Meridian-specific fields
These fields are stripped before the request is forwarded to the upstream provider — they only steer Meridian Blue's internal logic.
| Field | Type | Description |
|---|---|---|
models | string[] | Ordered fallback chain. Index 0 is tried first; later entries on retryable failure. See Fallback chains. |
auto_truncate | boolean | Drop the oldest non-system messages when the prompt exceeds the model's context window. The receipt is returned in the truncation field of the response. |
purpose | string | Free-form purpose label. Stored in the conversation log; high-risk-purpose patterns trigger Article 5 / Annex III detection. |
user_consent_id | string | Reference to a stored GDPR consent record. Required when Article 50 / Annex III gating is enabled at the tenant level. |
end_user_id | string | Pseudonymous end-user identifier. Used for data-lineage linking and right-to-erasure exports. |
deployer_context | object | Free-form context (org / team / use case) attached to the audit log entry. |
Response shape
Meridian Blue returns the standard OpenAI response shape unchanged, with several extension fields added at the top level.
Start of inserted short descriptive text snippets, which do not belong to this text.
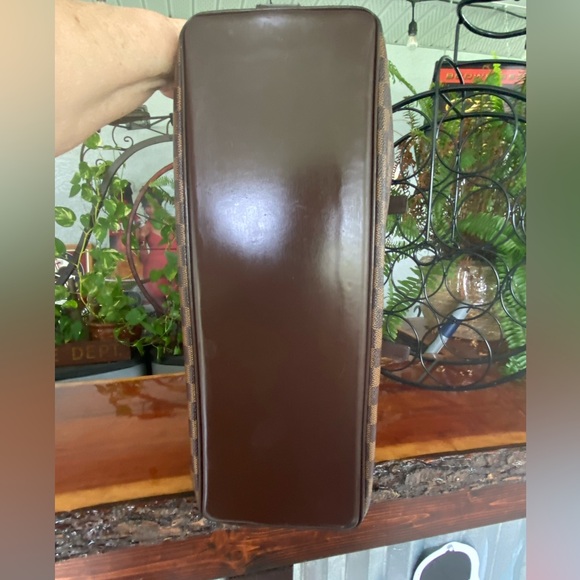 Louis Vuitton Chelsea Tote Bag - Picture 7 of 16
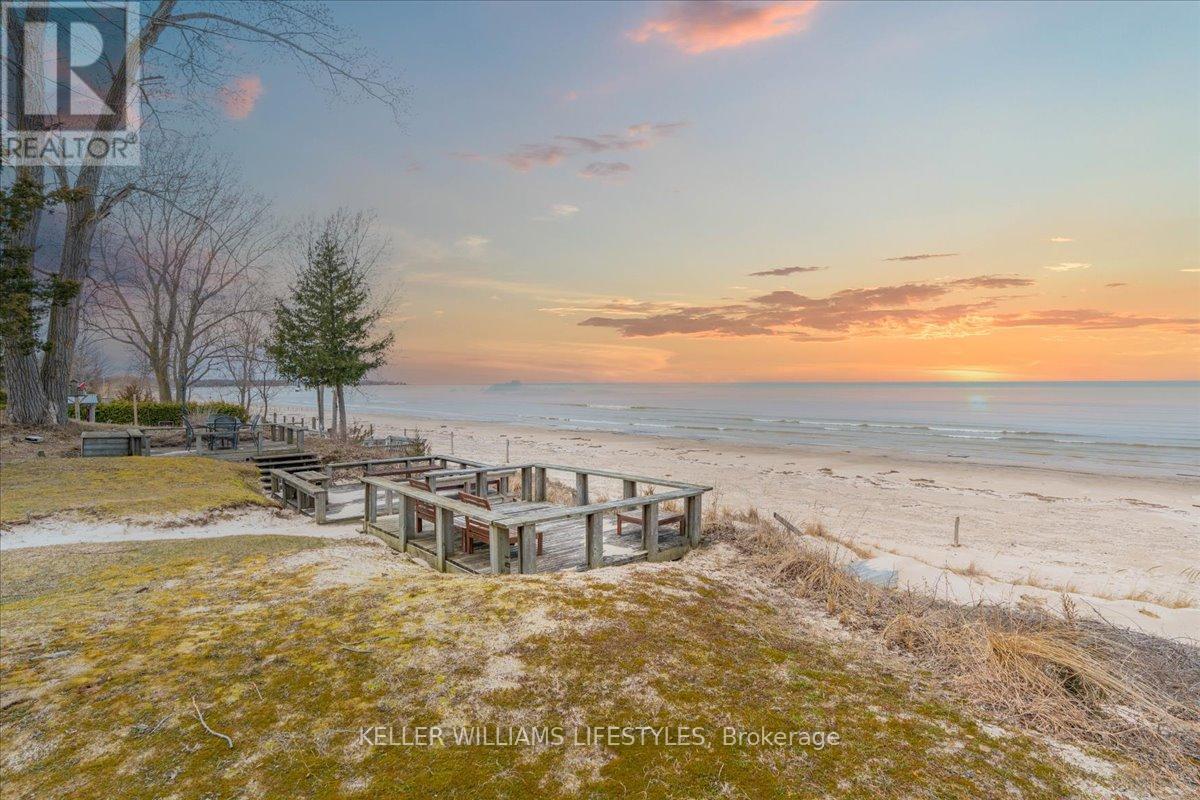 6626 East Parkway Drive, Lambton Shores, Ontario  N0N 1J3 - Photo 32 - X12299424
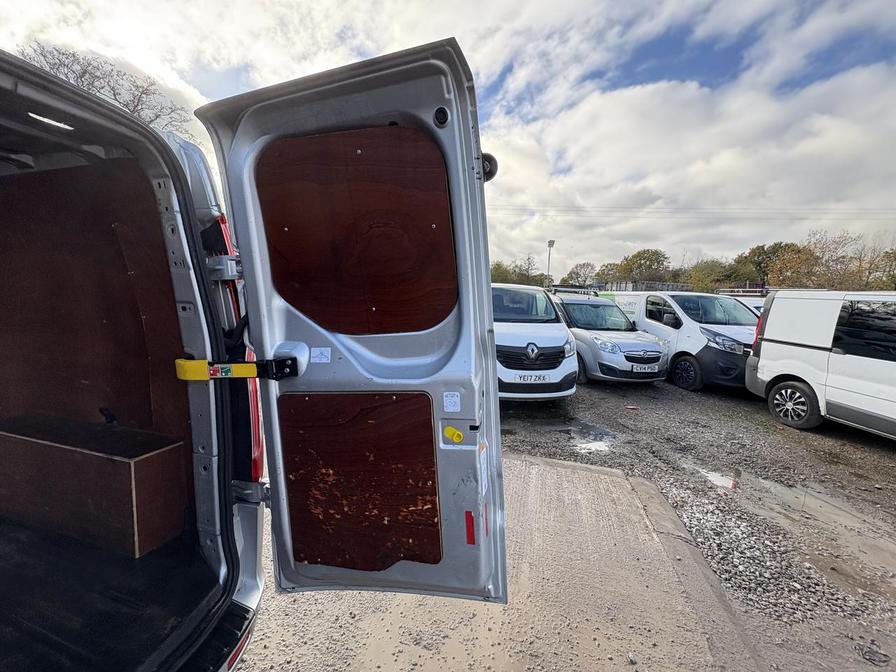 Used Ford Transit Custom 2020 for sale - 76523739: Photo 11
Existing OpenAI client code reading choices[0].message.content works without changes.
{
"id": "chatcmpl-...",
"object": "chat.completion",
"created": 1744119282,
"model": "gpt-4o-2024-08-06",
"choices": [{
"index": 0,
"message": { "role": "assistant", "content": "..." },
"finish_reason": "stop"
}],
"usage": { "prompt_tokens": 42, "completion_tokens": 120, "total_tokens": 162 },
// Meridian extensions (top-level, alongside choices/usage)
"billing": {
"cost": 0.0162,
"balanceAfter": 983.84,
"isFallback": false,
"latencyMs": 847
},
"risk_classification": {
"level": "limited",
"reason": "general_business_use",
"requires_human_review": false
},
"explainability": {
"model_selection_reason": "Primary model returned 200 on first attempt.",
"human_readable": "Routed to gpt-4o (limited risk). No fallback used."
}
}
See Response envelope for the full reference, and Headers for the X-Meridian-* headers carrying the same routing info at the HTTP level.
Streaming
Set "stream": true for Server-Sent Events. Meridian Blue forwards SSE chunks as they arrive from the upstream provider, rewriting the model field on each chunk to your requested model name. The terminal data: [DONE] sentinel is preserved.
data: {"id":"chatcmpl-...","choices":[{"delta":{"role":"assistant","content":""}}]}
data: {"id":"chatcmpl-...","choices":[{"delta":{"content":"Hello"}}]}
data: {"id":"chatcmpl-...","choices":[{"delta":{"content":"!"}}]}
data: {"id":"chatcmpl-...","choices":[{"delta":{},"finish_reason":"stop"}],"usage":{"prompt_tokens":12,"completion_tokens":2,"total_tokens":14}}
data: [DONE]
Token usage arrives in the final pre-[DONE] chunk when the upstream provider supports the OpenAI stream_options.include_usage extension. When it doesn't, Meridian Blue estimates completion tokens from the accumulated content (~4 chars per token).
Fallback during streaming only works before the first byte is written to the response — once the SSE response is committed, a mid-stream provider failure cannot be recovered.
Tool calls
Tool calls work exactly like the OpenAI surface — pass tools + tool_choice in the request and receive tool_calls in the response. Meridian Blue forwards the schema verbatim to providers that natively support tools (OpenAI, Anthropic, Mistral, Groq, Gemini).
High-risk requests
If the router classifies your request as high-risk under Annex III (creditworthiness, recruitment, medical diagnosis, biometric ID, etc.), three things happen:
- The key must have
allowHighRisk: true; otherwise the request is rejected with403. - If the deployer policy requires it,
purposeanduser_consent_idmust be present on the request body. - The response is held in the human-review queue depending on the policy; see Human oversight.
The full classification — including the triggered rules and the LLM-judge confidence — is returned in risk_classification on every response. See Risk classification.